Schauspielhaus: Feuer frei auf die Stoffhasen
Viel Tamtam, wenig Tiefe bei der "Wildente" im Schauspielhaus
Düsseldorf. Das Theaterblut spritzt, Federn und Laub wirbeln durch die Luft und die Schauspieler rasen mit Stoffhasen in den Händen über die Bühne. Die Bond-Hymne "Live and let die" befeuert die Szene in ohrenbetäubender Lautstärke.
Der alte Ekdal (Winfried Küppers), ein ehemaliger Zuchthäusler und Jagdveteran, schießt, und der für ihn von seiner Familie inszenierte Spuk auf dem Dachboden ist vorbei. Und damit der dramatische Höhepunkt in Daniela Löffners Inszenierung von Henrik Ibsens "Die Wildente" im Kleinen Haus.Tochter Hedvig beendet das Hin und Her mit einem Schuss - Selbstmord.
Es folgen mehr als zwei Stunden, in denen nicht deutlich wird, wie die Regisseurin das 1885 im norwegischen Bergen uraufgeführte Stück sieht. Warum sie den Zuschauern die Geschichte des erfolglosen Fotografen Hjalmar Ekdal (Rainer Galke), seiner Familie und der Abhängigkeit vom Geld seines Gönners Konsul Werle (Pierre Siegenthaler) heute erzählt. Inspiriert von Jürgen Gosch, der mit viel Blut in seiner Düsseldorfer "Macbeth"-Inszenierung Theatergeschichte geschrieben hat, lässt Löffner die acht Schauspieler zu jeder Zeit am Bühnenrand sitzen.
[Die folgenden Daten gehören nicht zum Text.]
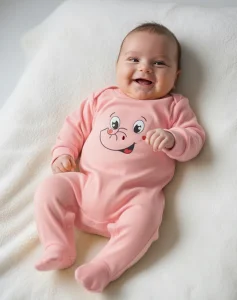 grenouillere coton rose-2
Sie beobachten, auf Stichwort stehen sie auf und bringen sich ins Spiel.
Der Dachboden, auf dem die Ekdals für den Großvater mit Hühnern, Kaninchen und einer Wildente die Freiheit norwegischer Wälder simulieren, steht für die Selbsttäuschung, mit der diese Menschen zwar arm aber glücklich leben. Bis Gregers Werle (Thiemo Schwarz) seinem Jugendfreund Hjalmar dessen Lebenslügen um die Ohren haut. Aufgeschreckt aus seiner Gemütlichkeit wendet der sich ab von dem, was ihm am liebsten ist: die Tochter Hedvig (Lisa Arnold). Mit der Klarsicht eines Kindes erkennt Hedvig, dass nichts mehr so sein wird wie vorher. Während die Erwachsenen noch hadern, wie, wo und mit wem es sich nun leben lässt, beendet Hedvig das Hin und Her mit einem Schuss - Selbstmord, das Kind ist tot. Erweckend und erlösend wirkt der Knall am Ende.
Ähnlich den Darstellern, die, wenn nicht gerade selber in Aktion, gelangweilt mit den Beinen baumelnd den dramatischen Entwicklungen folgen, geht es dem Zuschauer. Immerhin: Rainer Galke und Thiemo Schwarz verkörpern ihre Charaktere im Jogginghosen-Schlabber-Look gekonnt. Doch der Versuch, dieser Szenerie mit einem Krakenkostüm für das Kind und der wilden Jagd auf die Stoffhasen etwas skurril Komisches und zugleich tiefsinnig Doppelbödiges zu verleihen, bleibt nur ein Versuch.